Required work. Beginning at the line that contains "All hands are", reproduce the entries below exactly, ending with the line that contains "Interior ceiling first". Omit each picture.

(Excerpts from a dataset)

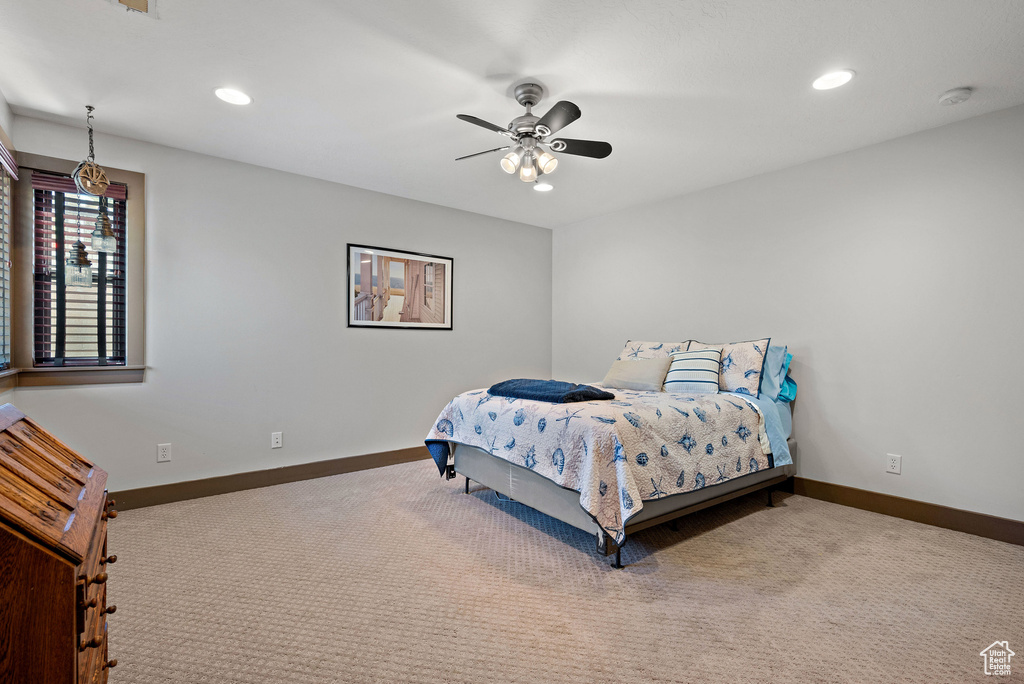 Bedroom with recessed lighting, baseboards, and carpet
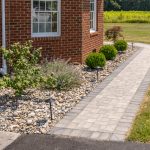 A stone grey pathway in front of a home leading to the back yard. The house is red brick. And there is river rock in the flower beds.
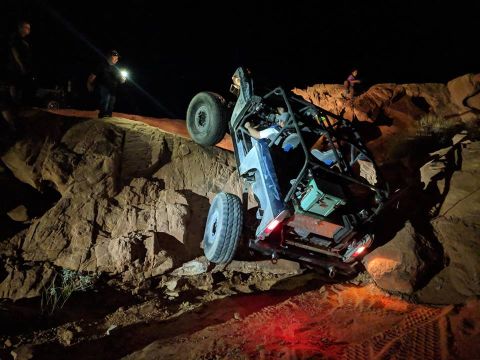 1979 Ford Bronco - An off-road vehicle navigates difficult terrain at night, with onlookers providing light.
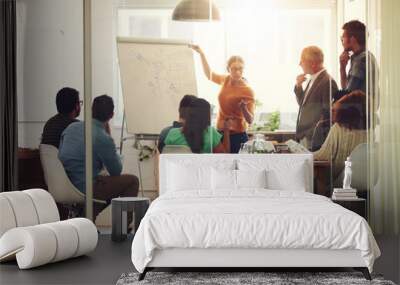 All hands are on deck for this meeting. Shot of a group of coworkers in a boardroom meeting. Wall mural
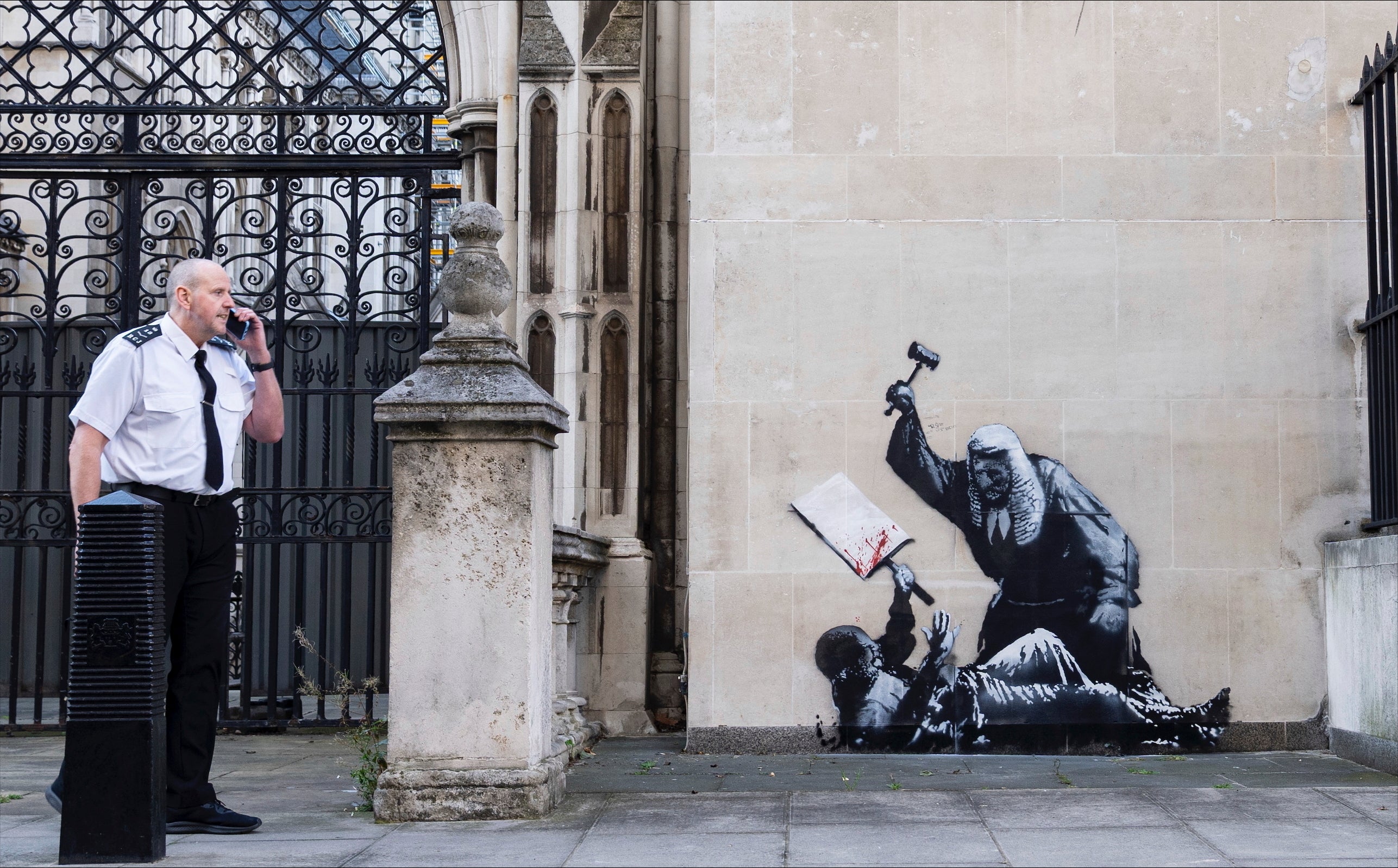 The Banksy painting, thought to allude to Palestine Action, portrays a judge beating a protester with a gavel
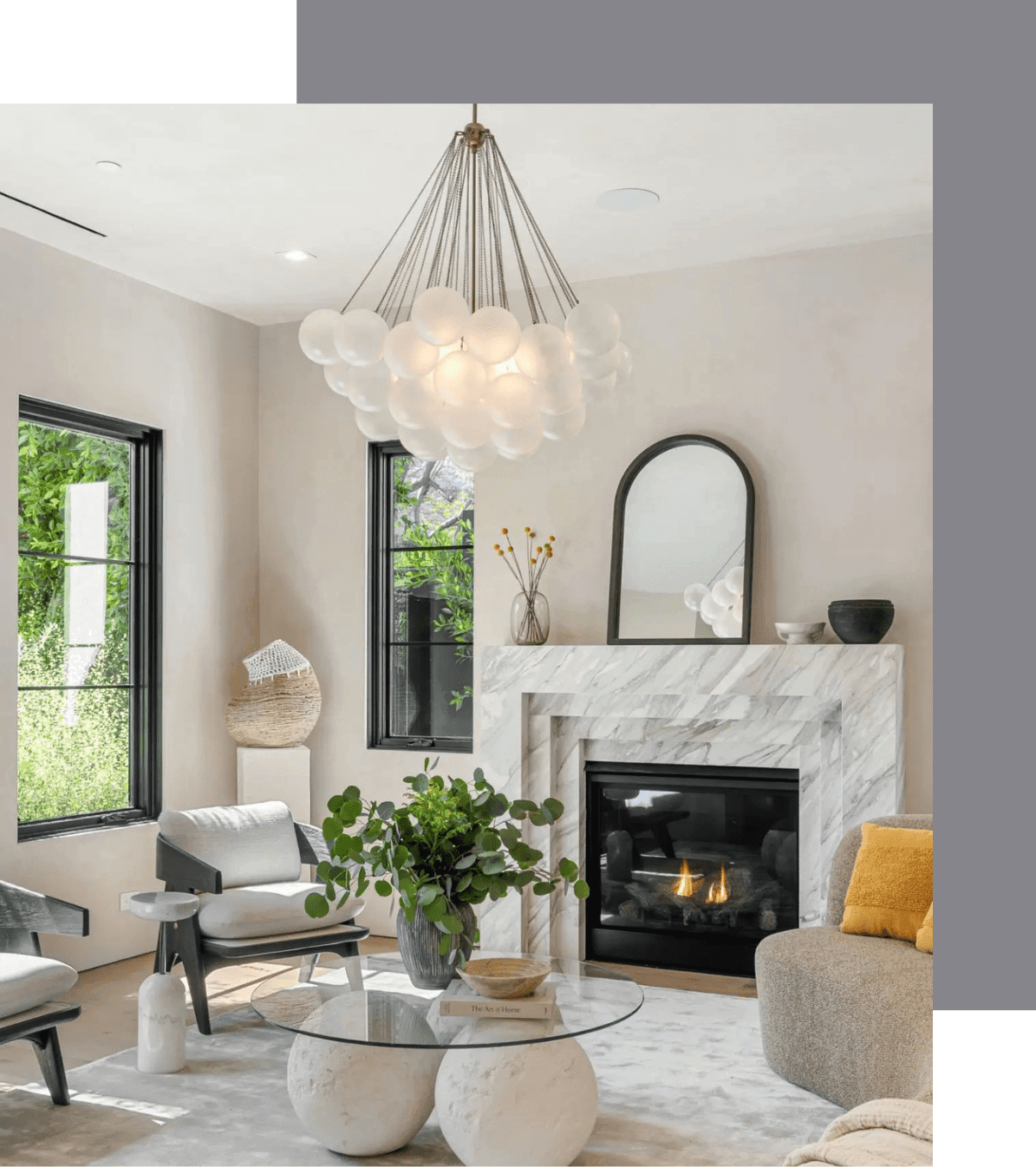 Elegant living room with modern furniture and a stylish chandelier.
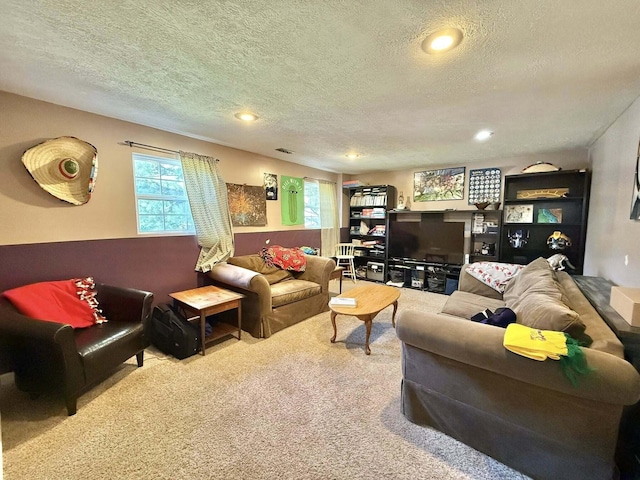 carpeted living room featuring recessed lighting and a textured ceiling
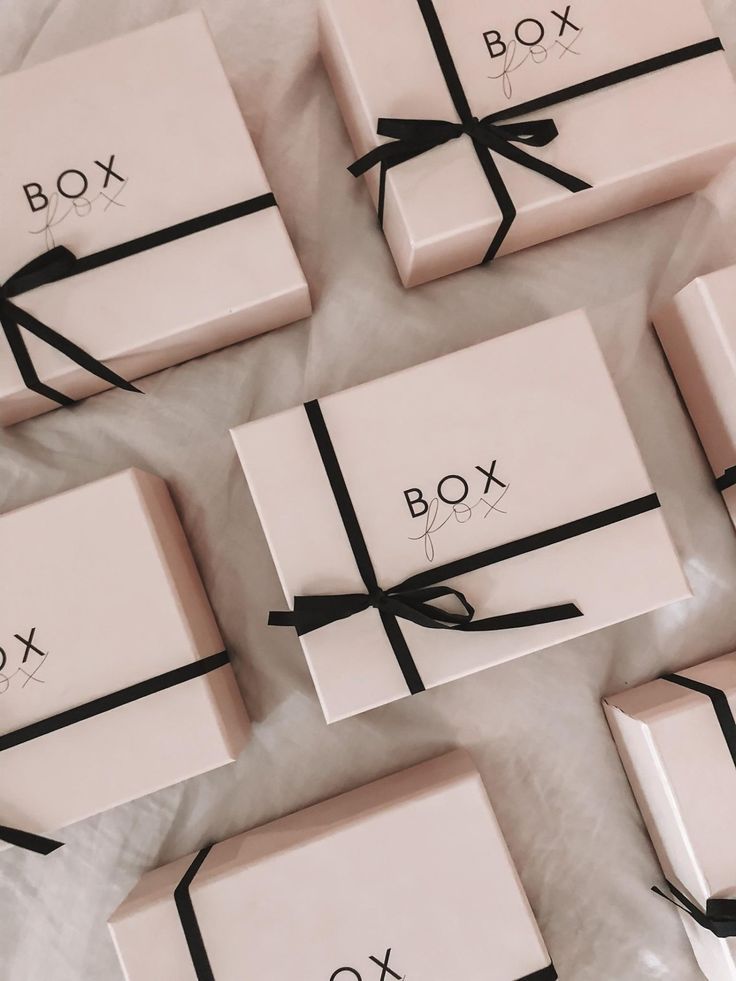 six pink boxes with black ribbons tied around them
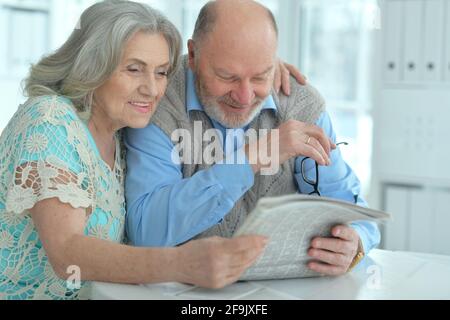 Seniorenpaar sitzt am Tisch und liest Zeitung Stockfoto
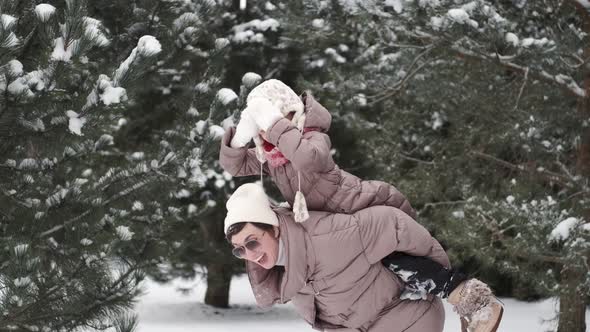 Mother Have Fun with Daughter in Winter Forest Playing with Snow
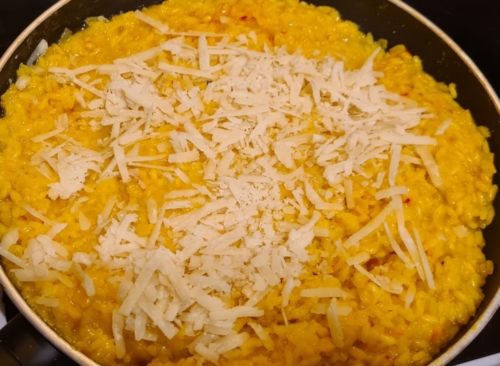 Add grated parmigiano reggiano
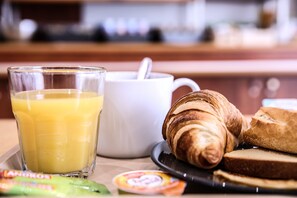 A breakfast tray with a glass of orange juice, a white mug, croissants, and slices of bread.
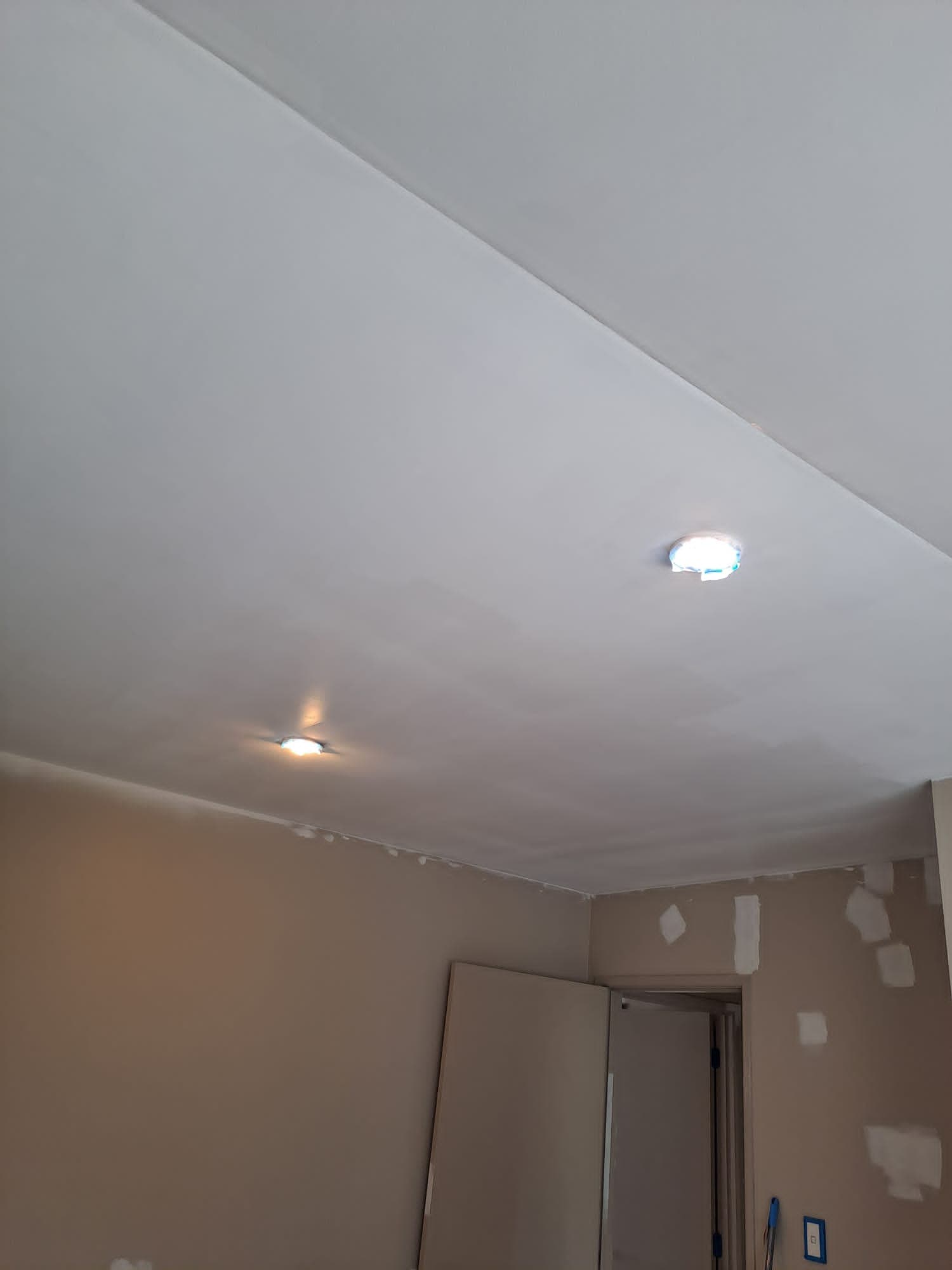 Interior ceiling first coat of white paint with recessed downlights during room repaint - Ambient Civil Auckland
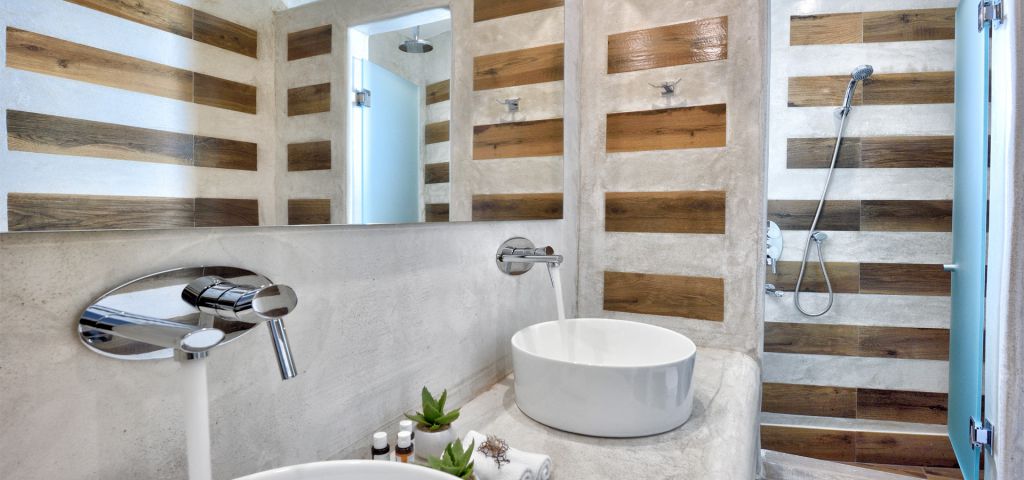 The modern bathroom at the Triple Room of Jenny`s Summer Houses in Mykonos.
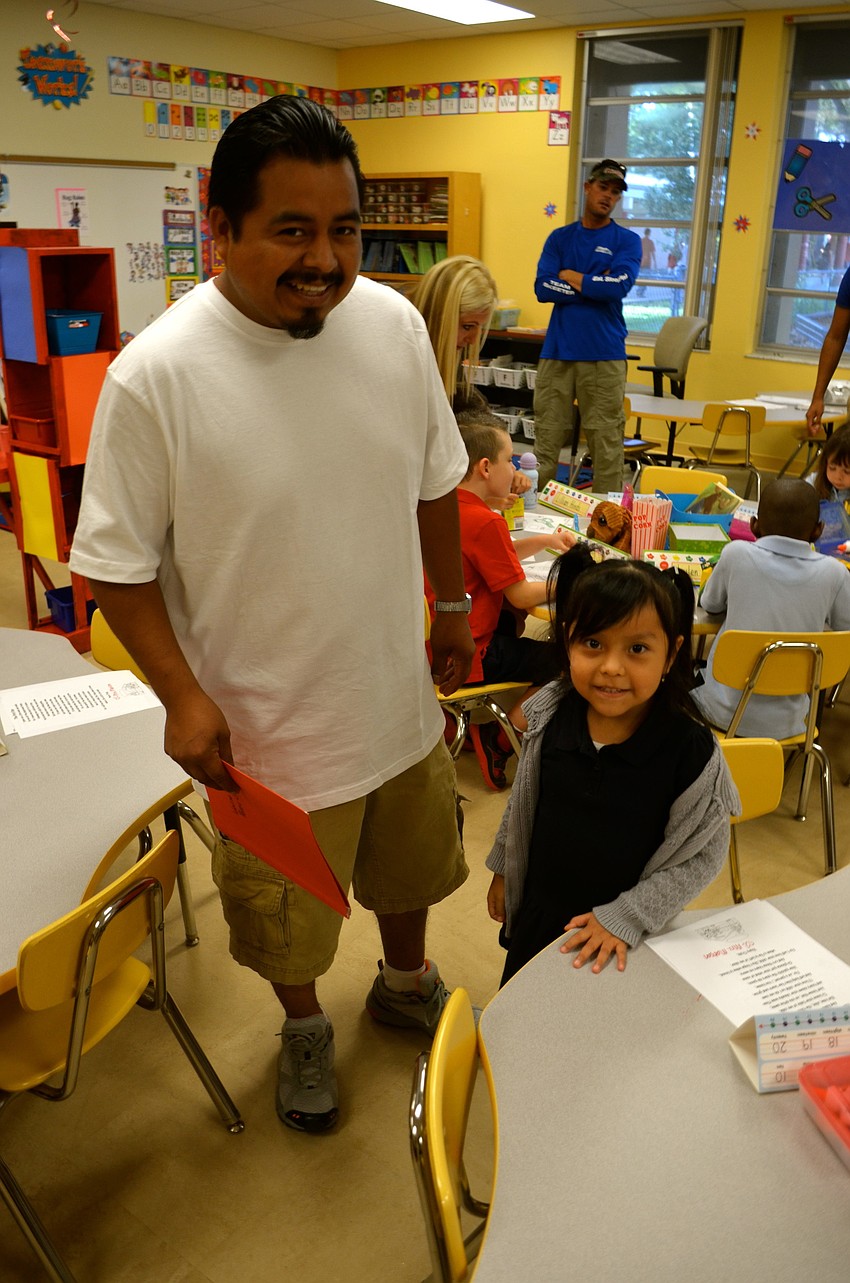 Luis Perez drops off his daughter, Idaliz.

Written response.
 All hands are on deck for this meeting. Shot of a group of coworkers in a boardroom meeting. Wall mural
 The Banksy painting, thought to allude to Palestine Action, portrays a judge beating a protester with a gavel
 Elegant living room with modern furniture and a stylish chandelier.
 carpeted living room featuring recessed lighting and a textured ceiling
 six pink boxes with black ribbons tied around them
 Seniorenpaar sitzt am Tisch und liest Zeitung Stockfoto
 Mother Have Fun with Daughter in Winter Forest Playing with Snow
 Add grated parmigiano reggiano
 A breakfast tray with a glass of orange juice, a white mug, croissants, and slices of bread.
 Interior ceiling first coat of white paint with recessed downlights during room repaint - Ambient Civil Auckland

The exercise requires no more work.